Я взял кинжал и показал Кеччо, о чем речь.

— Костей нет, нанести такой удар легко, и он неминуемо принесет смерть.

— Да, — согласился Кеччо, — но не мгновенную! Я считаю, лучше всего бить между лопаток. Когда наносишь удар со спины, жертва не видит занесенного ножа и, если действовать быстро, не успевает оказать сопротивления.

— Это всего лишь вопрос вкуса. — Я пожал плечами. — Об этом человек должен судить сам, руководствуясь особенностями своего склада характера.

Какое-то время мы еще поболтали. А потом я предложил Маттео пойти на ярмарочную площадь и взглянуть на людей.

— Да, пойдите, — согласился со мной Кеччо, — а я повидаюсь с отцом.

По пути Маттео рассказал мне, что Кеччо пытался убедить отца на какое-то время уехать из города, но тот отказался, как и жена Кеччо. Я видел старого Орсо д’Орси раз или два. Совсем ослабевший, он никогда не спускался по лестнице, постоянно пребывал в своих покоях. Сидел у камина, играя с внуками. Кеччо заходил к нему каждый день, утром и вечером, но для остальных он вроде бы и не существовал. В доме всем заправлял Кеччо.

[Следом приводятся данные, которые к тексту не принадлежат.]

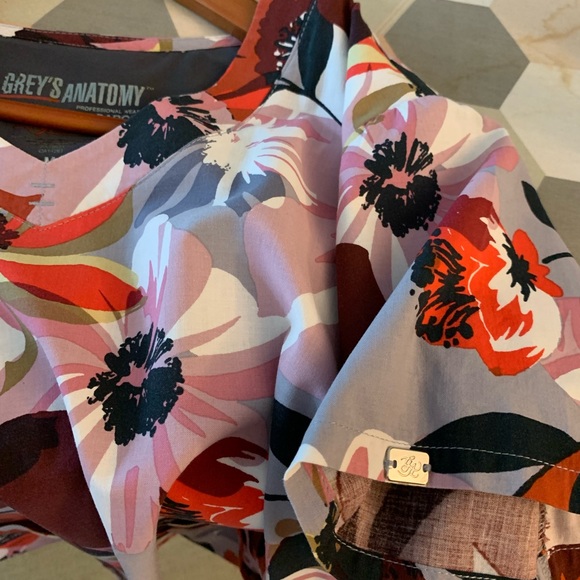 Inspire confidence with Grey’s anatomy vibrant nursing top M - Picture 7 of 8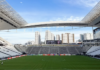 Retirada de cadeiras, gramado ruim… aos poucos, o Corinthians destrói um estádio de primeiro mundo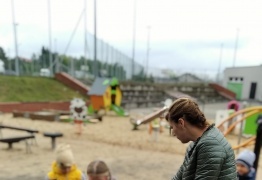  (photo)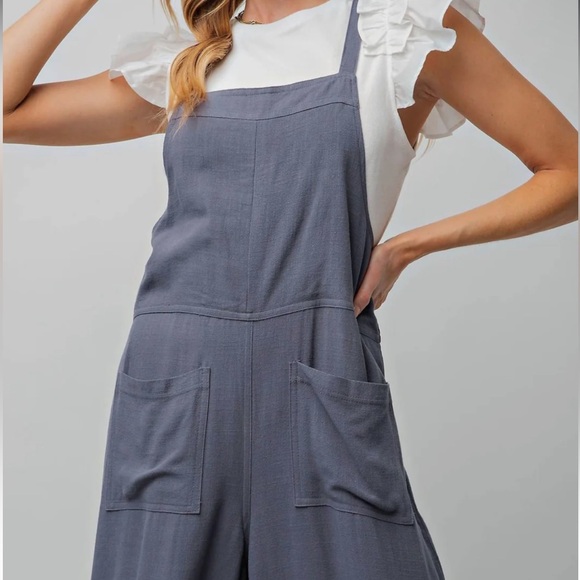 Easel Overalls - Grey - Adjustable Straps! Women’s Medium - Picture 3 of 5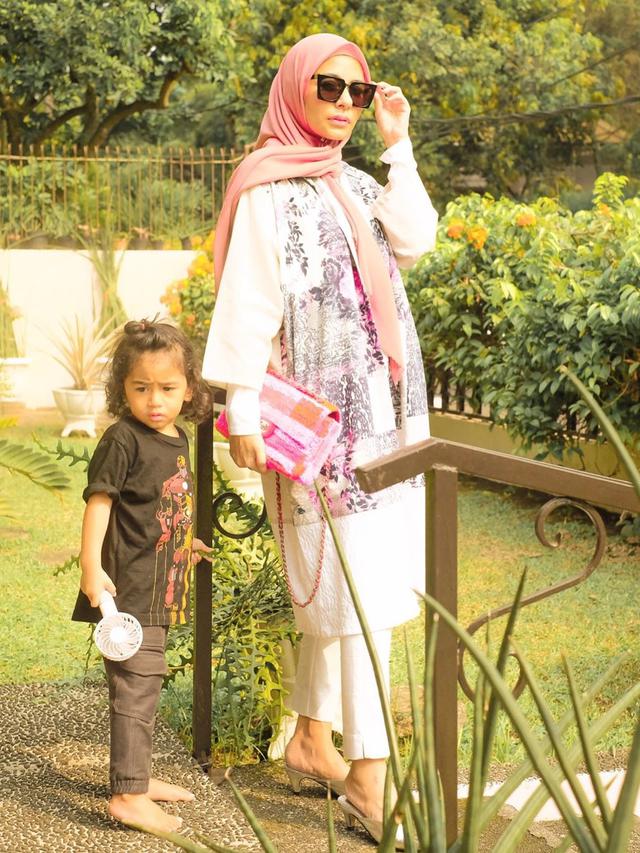 [Fimela] Meisya Siregar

На ярмарочной площади толпились люди. Временные палатки торговцев стояли рядами, и крестьянки выложили на столах свои товары: овощи и цветы, кур, уток и другую домашнюю птицу, молоко, масло, яйца. В других местах предлагали мясо, масло для фонарей, свечи. Продавщицы широко улыбались, обмахивались желтыми и красными платками, на шеях сверкали золотые цепочки, головные уборы радовали чистотой. В одной руке они держали весы, в другой — миску с медными монетами, перекрикивались друг с другом, торговались, кричали, шутили, смеялись. Покупатели ходили между рядами, смотрели на товары, выбирали нужный, щупали, нюхали, пробовали, всевозможными способами оценивая качество. В толпе бродили продавцы амулетов, талисманов и колдовских снадобий, громко расхваливая свой товар, локтями проталкиваясь между людьми, ругая тех, кто случайно их толкал. Уличные мальчишки носились по площади, сновали между ног, пролезали под повозками, между шатрами, не обращая внимания на полученные пинки и проклятия, которые неслись вслед. Стоило торговцу зазеваться, сорванцы хватали все, что плохо лежит, и со всех ног уносились прочь. Тут же выступал фокусник, лекарь, вынимающий зубы, пел менестрель. Жизнь на площади бурлила.